Complement system is a complex complex of serum globulins. This cascade system of proteolytic enzymes is intended for the humoral protection of the body from the action of foreign agents and is involved in the implementation of the body's immune response. Complement system proteins provide a quick and effective response to an initially weak signal and bring it to functional consequences. The components of the complement system are usually designated by Latin letters.

There are two mechanisms for activating the complement system:

    classical;

    alternative.

These mechanisms are connected at the level of the 5th component and then proceed in the same way.

The classic way.

The triggering mechanism is the formation of an antigen-antibody complex (AG-AT) on the surface of the target cell. At the same time, conformational changes occur in the immunoglobulin molecule (it is designated: Ig or AT). As a result of these changes, Ig acquires the ability to bind the C 1 q component of complement. C 1 r and C 1 s join them, and this entire complex undergoes a conformational rearrangement and turns into a C 1 esterase, which acts on C 4, C 4 a is cleaved, and C 4 b is part of the complex. Then C2 joins the complex, forming a new substrate for the action of C1s, C2b is cleaved, and C2a becomes part of the complex.

The resulting complex is called “C 3 -convertase”, and under its action the peptide C 3 a is cleaved, and C 3 b is part of the complex, which is now called “C 5 -convertase”. C5 convertase acts on C5, cleaves C5a from it, and C5b is part of the complex.

After this, C 6, C 7 and C 8 are sequentially associated with C 5 b. As a result, a complex is formed that is capable of attaching 2 C9 molecules.

If this process occurs on the surface of the target cell, then the components of the C 5 b-C 9 complex form a membrane attack complex, which forms transmembrane channels on the surface of the target cell that are completely permeable to electrolytes and water. The target cell dies.

By-products (minor) of the process C 3 a and C 5 a have the properties of anaphylotoxins.

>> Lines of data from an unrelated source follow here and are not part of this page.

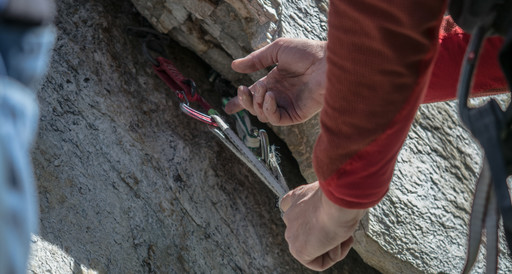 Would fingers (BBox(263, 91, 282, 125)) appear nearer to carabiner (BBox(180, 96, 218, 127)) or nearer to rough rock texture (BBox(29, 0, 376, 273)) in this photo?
carabiner (BBox(180, 96, 218, 127))

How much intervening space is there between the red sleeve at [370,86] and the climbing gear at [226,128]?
78 centimetres

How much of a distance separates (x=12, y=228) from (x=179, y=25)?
1619 millimetres

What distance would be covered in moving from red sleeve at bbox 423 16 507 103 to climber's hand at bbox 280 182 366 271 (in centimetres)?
54

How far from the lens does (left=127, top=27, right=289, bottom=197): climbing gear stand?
77.7 inches

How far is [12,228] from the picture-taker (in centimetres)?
70

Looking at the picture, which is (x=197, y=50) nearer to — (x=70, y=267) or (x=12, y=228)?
(x=70, y=267)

Regulation of the classical pathway.

Most components are active only as part of the complex. Their active forms can exist for a very short time. If during this time they do not meet the next component, then the active forms lose contact with the complex and become inactive. If the concentration of any component is below the threshold (critical), then the operation of the complement system will not lead to physiological consequences.

Endogenous proteinase inhibitors also take part in the regulation of the complement system. The most effective of them is the C 1 inhibitor.

Alternative way.

The difference between the alternative pathway and the classical one is that it does not require the formation of immune complexes to trigger it.

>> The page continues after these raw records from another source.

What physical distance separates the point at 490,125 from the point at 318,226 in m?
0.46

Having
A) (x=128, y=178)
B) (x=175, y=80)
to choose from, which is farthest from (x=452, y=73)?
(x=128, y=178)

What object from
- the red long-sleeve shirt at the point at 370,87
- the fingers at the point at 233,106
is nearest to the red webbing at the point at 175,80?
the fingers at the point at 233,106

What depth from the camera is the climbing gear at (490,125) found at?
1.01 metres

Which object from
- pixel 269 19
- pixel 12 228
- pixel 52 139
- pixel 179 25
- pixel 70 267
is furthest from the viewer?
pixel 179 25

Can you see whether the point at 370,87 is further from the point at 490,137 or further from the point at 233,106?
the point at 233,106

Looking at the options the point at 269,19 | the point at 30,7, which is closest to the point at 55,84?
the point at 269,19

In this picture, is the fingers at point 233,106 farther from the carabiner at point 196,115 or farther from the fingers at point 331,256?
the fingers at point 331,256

The triggering mechanism of the alternative pathway is the formation of C 3 b from C 3 under the influence of some trigger factor: for example, polysaccharides of the bacterial cell wall.

C3b forms a complex with factor “B” (C 3 bB), which is exposed to protease D (always active in blood plasma!). As a result, “Ba” is cleaved off and the C3bBb complex is formed, which has proteolytic activity towards C5 - it cleaves C5a from it.

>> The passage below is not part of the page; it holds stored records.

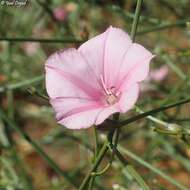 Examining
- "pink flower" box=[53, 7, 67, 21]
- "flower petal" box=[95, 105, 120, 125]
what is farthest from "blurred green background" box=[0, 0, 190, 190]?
"flower petal" box=[95, 105, 120, 125]

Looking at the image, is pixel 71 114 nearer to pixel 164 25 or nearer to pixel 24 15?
pixel 164 25

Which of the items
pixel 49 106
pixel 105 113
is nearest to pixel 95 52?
pixel 105 113

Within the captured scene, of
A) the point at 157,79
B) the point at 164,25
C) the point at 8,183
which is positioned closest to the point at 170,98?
the point at 164,25

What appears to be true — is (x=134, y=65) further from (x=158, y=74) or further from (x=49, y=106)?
(x=158, y=74)

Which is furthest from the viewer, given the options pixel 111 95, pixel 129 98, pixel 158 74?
pixel 158 74

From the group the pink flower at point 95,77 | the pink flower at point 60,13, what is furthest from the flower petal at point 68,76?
the pink flower at point 60,13

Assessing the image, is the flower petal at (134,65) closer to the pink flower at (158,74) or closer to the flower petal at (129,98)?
the flower petal at (129,98) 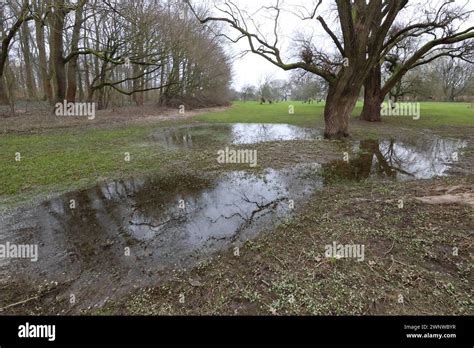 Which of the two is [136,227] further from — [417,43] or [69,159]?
[417,43]

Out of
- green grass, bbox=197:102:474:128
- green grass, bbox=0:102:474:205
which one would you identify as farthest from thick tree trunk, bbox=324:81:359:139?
green grass, bbox=0:102:474:205

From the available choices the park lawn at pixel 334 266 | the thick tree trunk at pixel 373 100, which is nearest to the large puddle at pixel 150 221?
the park lawn at pixel 334 266

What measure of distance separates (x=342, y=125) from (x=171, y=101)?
73.2 ft

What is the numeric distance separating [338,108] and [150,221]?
10653 millimetres

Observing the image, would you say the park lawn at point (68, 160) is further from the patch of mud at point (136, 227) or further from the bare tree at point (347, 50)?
the bare tree at point (347, 50)

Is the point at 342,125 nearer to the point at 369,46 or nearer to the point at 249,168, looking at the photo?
the point at 369,46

After this, the reactions proceed in the same way as in the classical way.

The substrate for C 3 b is also C 3, as a result of which an even larger amount of C 3 b is formed - a positive feedback is observed. Therefore, even small amounts of C 3 bBb are sufficient to obtain more and more of its active form (amplification of the initially weak signal).

The alternative pathway normally works always and very actively, which provides a rapid nonspecific response to the introduction of foreign cells.

Specific inhibitors take part in the regulation of the complement system, which regulate the speed of enzymes of key reactions.